### Task description:
Copy the listing below line for line, from its opening line to the one with "Small Black Wood", both included; stop there.
┄┄┄┄┄┄┄┄┄┄┄┄┄┄┄┄┄┄┄┄
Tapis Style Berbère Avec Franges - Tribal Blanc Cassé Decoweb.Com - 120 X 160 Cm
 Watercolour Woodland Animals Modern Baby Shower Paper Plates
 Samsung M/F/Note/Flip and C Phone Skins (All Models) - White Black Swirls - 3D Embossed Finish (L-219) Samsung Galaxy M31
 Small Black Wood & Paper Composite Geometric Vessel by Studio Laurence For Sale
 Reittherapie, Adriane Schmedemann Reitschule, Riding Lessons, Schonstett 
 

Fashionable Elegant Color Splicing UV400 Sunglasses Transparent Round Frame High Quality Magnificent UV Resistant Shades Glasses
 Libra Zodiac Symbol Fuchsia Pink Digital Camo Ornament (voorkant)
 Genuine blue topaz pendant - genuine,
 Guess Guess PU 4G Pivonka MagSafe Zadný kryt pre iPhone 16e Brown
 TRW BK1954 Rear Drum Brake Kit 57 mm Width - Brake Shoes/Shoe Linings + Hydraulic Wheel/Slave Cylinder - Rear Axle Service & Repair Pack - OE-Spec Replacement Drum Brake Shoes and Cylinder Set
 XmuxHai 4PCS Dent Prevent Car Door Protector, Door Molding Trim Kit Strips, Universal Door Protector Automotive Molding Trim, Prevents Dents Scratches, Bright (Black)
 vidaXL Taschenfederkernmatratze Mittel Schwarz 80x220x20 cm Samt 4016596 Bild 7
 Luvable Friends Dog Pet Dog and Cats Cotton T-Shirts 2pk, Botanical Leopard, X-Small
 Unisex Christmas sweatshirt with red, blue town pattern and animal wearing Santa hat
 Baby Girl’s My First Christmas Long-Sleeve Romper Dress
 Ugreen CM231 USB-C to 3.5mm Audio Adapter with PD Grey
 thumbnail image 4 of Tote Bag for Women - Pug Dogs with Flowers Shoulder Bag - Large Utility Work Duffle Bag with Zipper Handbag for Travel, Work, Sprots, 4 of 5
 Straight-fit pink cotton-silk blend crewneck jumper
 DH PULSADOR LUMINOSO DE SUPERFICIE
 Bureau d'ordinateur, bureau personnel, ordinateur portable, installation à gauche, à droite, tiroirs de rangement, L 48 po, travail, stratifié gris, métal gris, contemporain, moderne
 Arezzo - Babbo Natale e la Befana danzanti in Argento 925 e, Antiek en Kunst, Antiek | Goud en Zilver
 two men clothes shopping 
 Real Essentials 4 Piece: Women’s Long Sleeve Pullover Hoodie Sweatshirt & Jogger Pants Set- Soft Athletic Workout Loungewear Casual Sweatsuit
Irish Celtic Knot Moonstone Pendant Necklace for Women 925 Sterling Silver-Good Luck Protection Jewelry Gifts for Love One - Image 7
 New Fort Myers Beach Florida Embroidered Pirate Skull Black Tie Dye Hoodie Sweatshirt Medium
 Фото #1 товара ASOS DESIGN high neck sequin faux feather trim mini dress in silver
┄┄┄┄┄┄┄┄┄┄┄┄┄┄┄┄┄┄┄┄
### Answer to the problem:
Tapis Style Berbère Avec Franges - Tribal Blanc Cassé Decoweb.Com - 120 X 160 Cm
 Watercolour Woodland Animals Modern Baby Shower Paper Plates
 Samsung M/F/Note/Flip and C Phone Skins (All Models) - White Black Swirls - 3D Embossed Finish (L-219) Samsung Galaxy M31
 Small Black Wood & Paper Composite Geometric Vessel by Studio Laurence For Sale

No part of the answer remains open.